Cautious GCC support to Oman over Mideast initiatives

Netanyahu in April said Israeli contacts with moderate Arab countries were developing “because of our common concern with Iran and its aggressive designs.”
Sunday 04/11/2018
Israeli Prime Minister Binyamin Netanyahu (L) walks with Omani Sultan Qaboos bin Said Al Said. (Office of Israeli Prime Minister)
Rare visit. Israeli Prime Minister Binyamin Netanyahu (L) walks with Omani Sultan Qaboos bin Said Al Said. (Office of Israeli Prime Minister)

LONDON - It appears Oman is about to try to tackle one of the most complex and long-standing disputes of modern times: the Arab-Israeli conflict, with the Trump administration’s yet-to-be-revealed “deal of the century” likely to factor in.

In an unannounced visit, Israeli Prime Minister Binyamin Netanyahu travelled to Muscat, where he met with Omani Sultan Qaboos bin Said Al Said, the first such meeting of its kind in more than 20 years.

Netanyahu, whose high-profile entourage included Mossad Director Yossi Cohen, discussed with Sultan Qaboos “ways to advance the peace process in the Middle East,” Omani reports stated.

The visit, which was at the invitation of Sultan Qaboos, involved the two leaders exchanging views on “a number of regional issues of common concern.”

The vagueness in the official statement from both sides has been a source of speculation. Some US news outlets, including the New York Times, supported the theory that the motivation from the Israeli side was having “Oman as a conduit to Tehran.”

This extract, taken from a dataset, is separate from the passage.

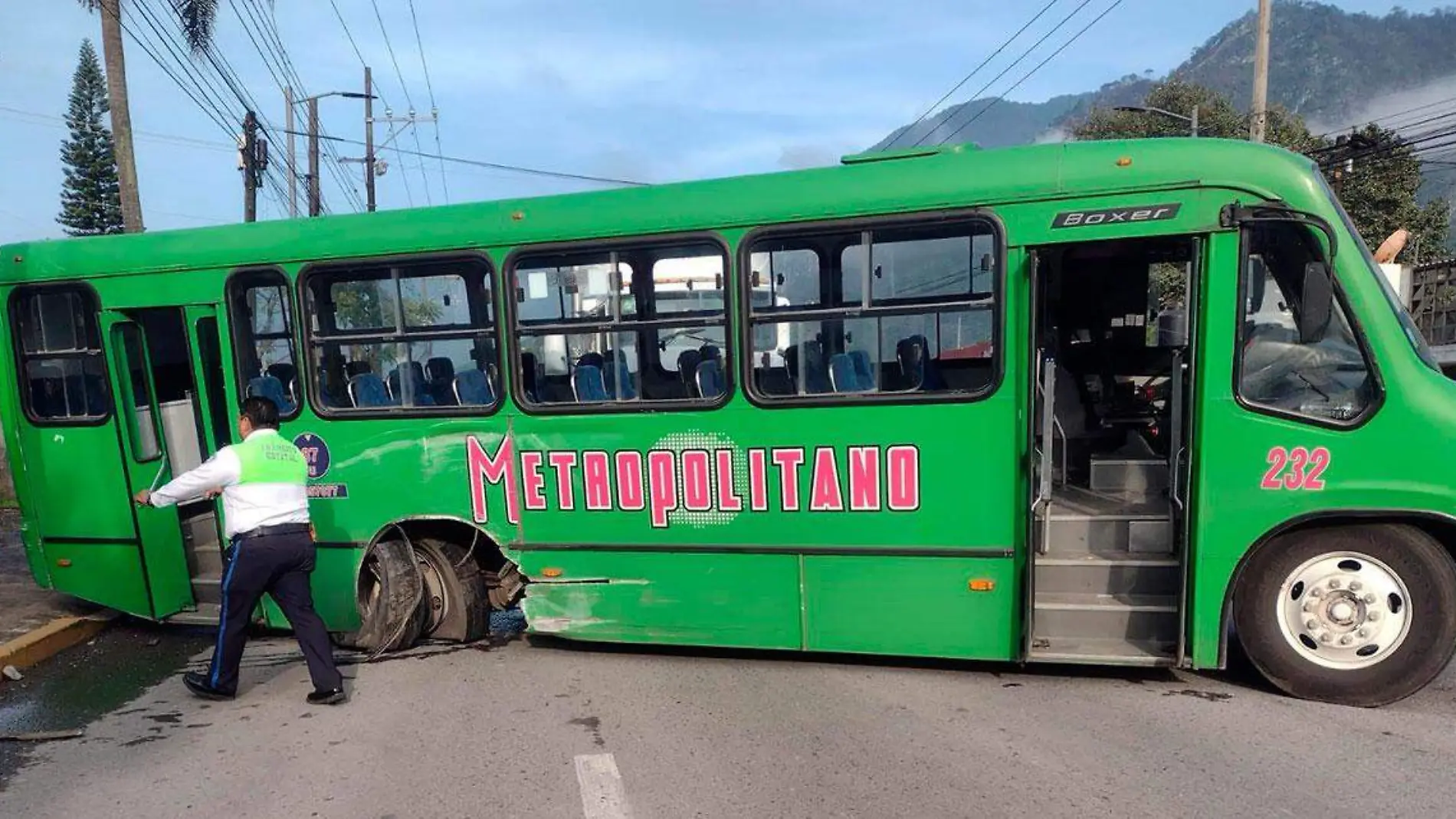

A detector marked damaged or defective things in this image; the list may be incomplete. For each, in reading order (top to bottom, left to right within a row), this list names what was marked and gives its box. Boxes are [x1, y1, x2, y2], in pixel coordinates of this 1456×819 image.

Netanyahu in April said Israeli contacts with moderate Arab countries were developing “because of our common concern with Iran and its aggressive designs.”

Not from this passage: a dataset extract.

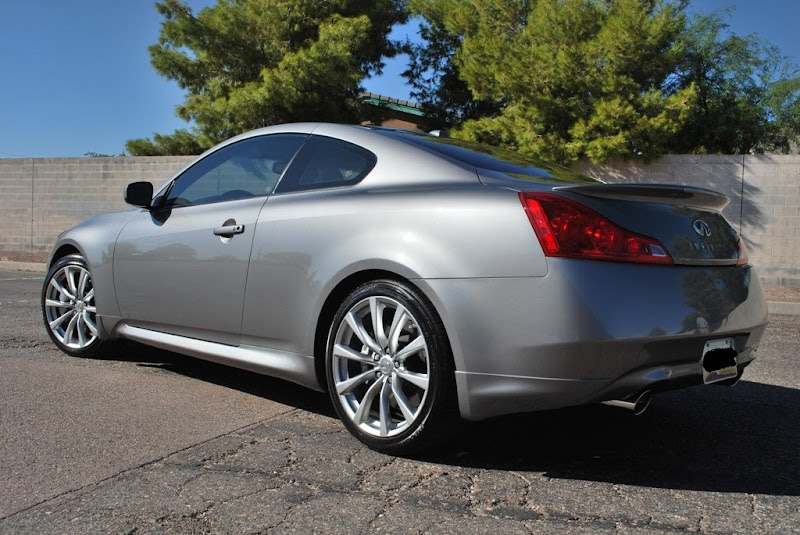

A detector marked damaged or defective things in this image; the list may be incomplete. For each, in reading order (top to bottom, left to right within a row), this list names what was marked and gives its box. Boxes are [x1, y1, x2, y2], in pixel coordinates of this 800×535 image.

cracked asphalt [1, 270, 800, 532]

“Israel is a state present in the region and we all understand this. The world is also aware of this and maybe it is time for Israel to be treated the same [as other states] and to also bear the same obligations,” Omani Foreign Minister Yusuf bin Alawi bin Abdullah said at a conference October 27 in Bahrain.

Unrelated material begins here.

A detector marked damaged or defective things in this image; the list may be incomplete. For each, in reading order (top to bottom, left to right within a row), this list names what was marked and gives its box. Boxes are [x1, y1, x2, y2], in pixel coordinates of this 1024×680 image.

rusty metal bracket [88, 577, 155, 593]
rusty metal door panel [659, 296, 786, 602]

Bin Alawi also said a solution must be reached in the Palestinian territories.

“The Palestinians will never enjoy security and the entire Arab region will not settle and terrorism will not end,” he said, adding that the path of peace in the Palestinian territories will see global support.

“An independent Palestinian state is a strategic demand without which stability can never be achieved,” he said. “We are not saying that the road is now easy and paved with flowers but our priority is to put an end to the conflict and move to a new world.”

Host Bahrain praised the Omani steps to secure Israeli-Palestinian peace.

“We have never ever questioned the wisdom and farsightedness of His Majesty Sultan Qaboos in trying to help and do their part in trying to reach a solution for this [Palestinian-Israeli] issue,” Bahraini Foreign Minister Sheikh Khalid bin Ahmed al-Khalifa said at the conference. “We look forward to Sultan Qaboos succeeding in his effort.”

Saudi Foreign Minister Adel al-Jubeir supported the Omani initiative and said Riyadh believed the key to normalising relations with Israel is through the peace process.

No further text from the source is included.